(Web page caption snippets)
···

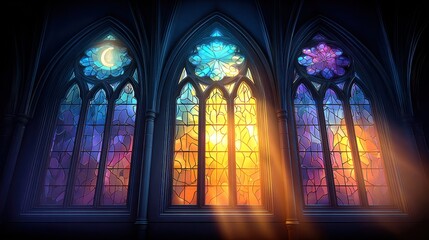 Fototapeta premium Illuminated stained glass windows in a gothic cathedral bathed in sunlight.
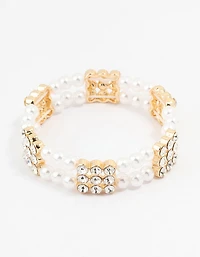 Gold Diamante & Pearl Multiple Layer Bracelet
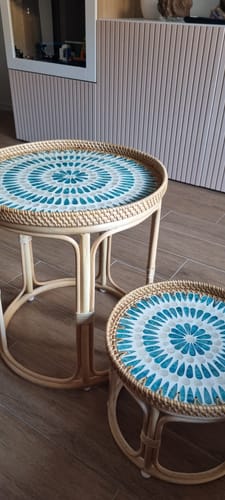 Customer photo review of Serene Rattan Table Set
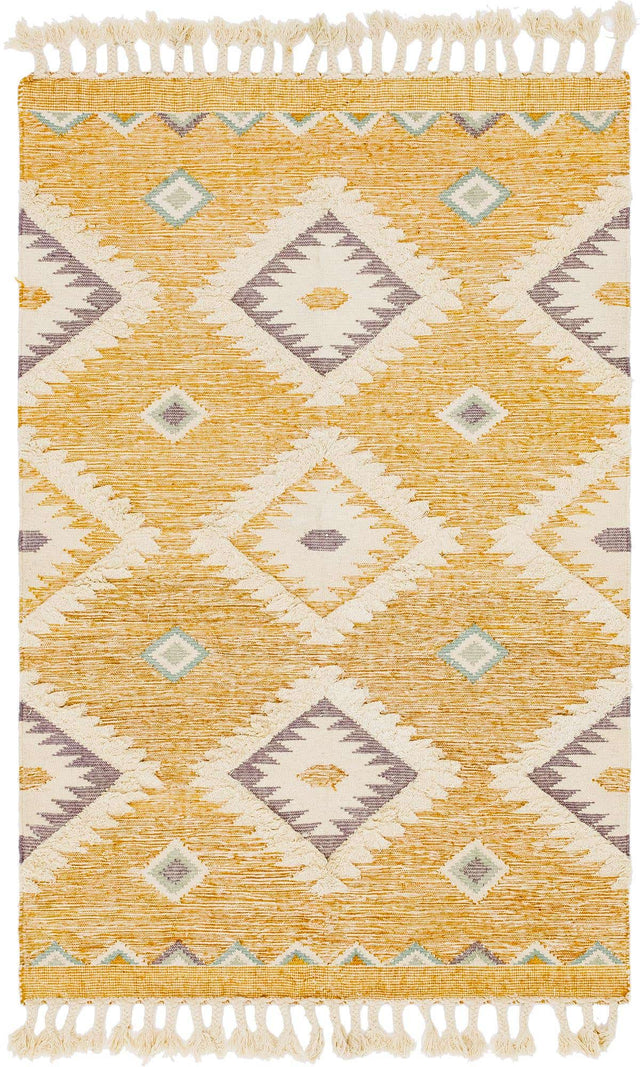 Gold 6' 1 x 9' Mesa Rectangle Area Rug 100% Wool Geometric All Natural Carpet for Living, Dining, Office, Bedrooms, Dorms, Kitchens for Sale at Rug Engine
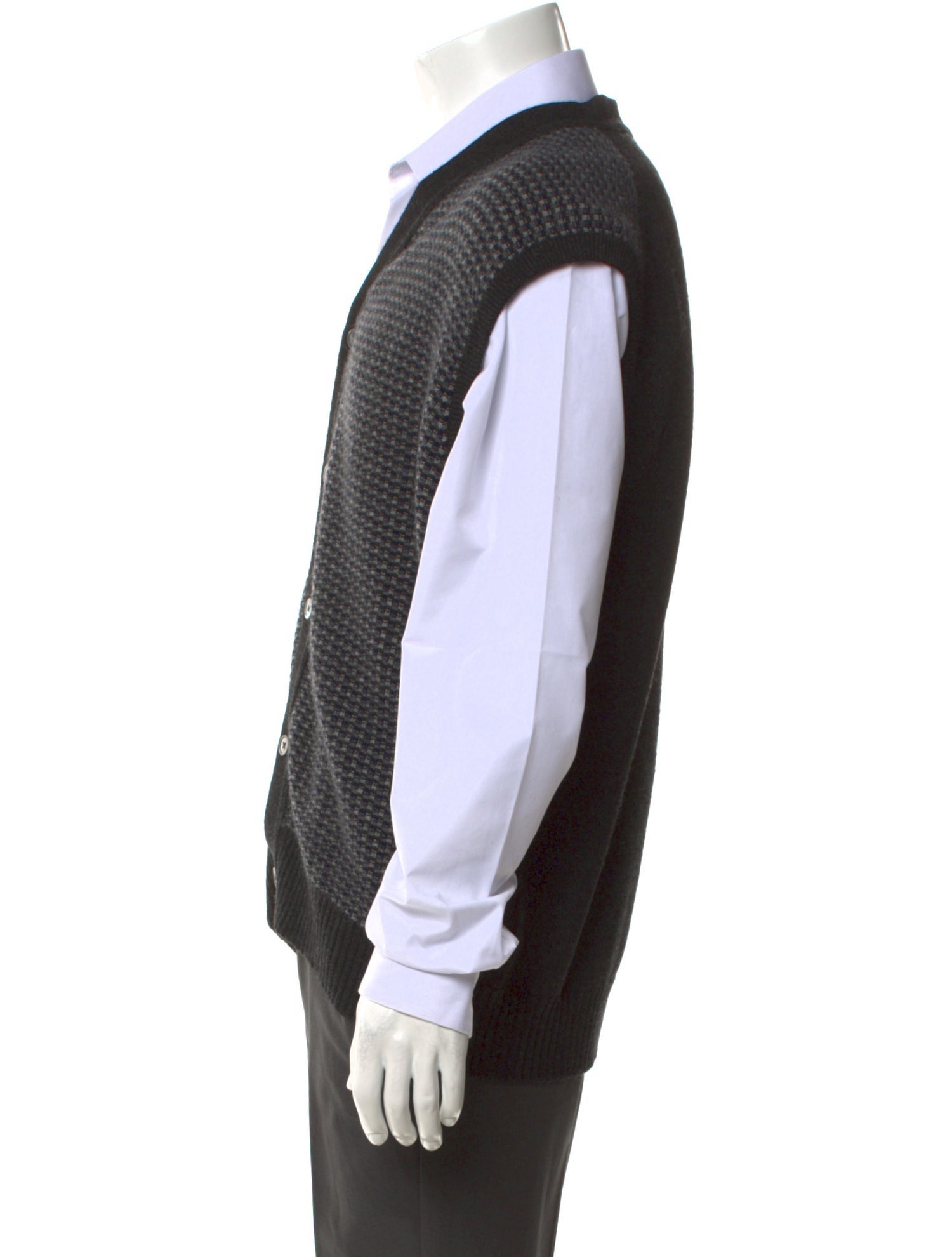 Neiman Marcus Cashmere Printed Sweater Vest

···

_DESCRIPTION OF THE TASK:_
Every line from the one holding "Gold Diamante &" through the last line of the entries above, and nothing else, is to be restated word for word. Pictures stay out.

_EXERCISE OUTPUT:_
 Gold Diamante & Pearl Multiple Layer Bracelet
 Customer photo review of Serene Rattan Table Set
 Gold 6' 1 x 9' Mesa Rectangle Area Rug 100% Wool Geometric All Natural Carpet for Living, Dining, Office, Bedrooms, Dorms, Kitchens for Sale at Rug Engine
 Neiman Marcus Cashmere Printed Sweater Vest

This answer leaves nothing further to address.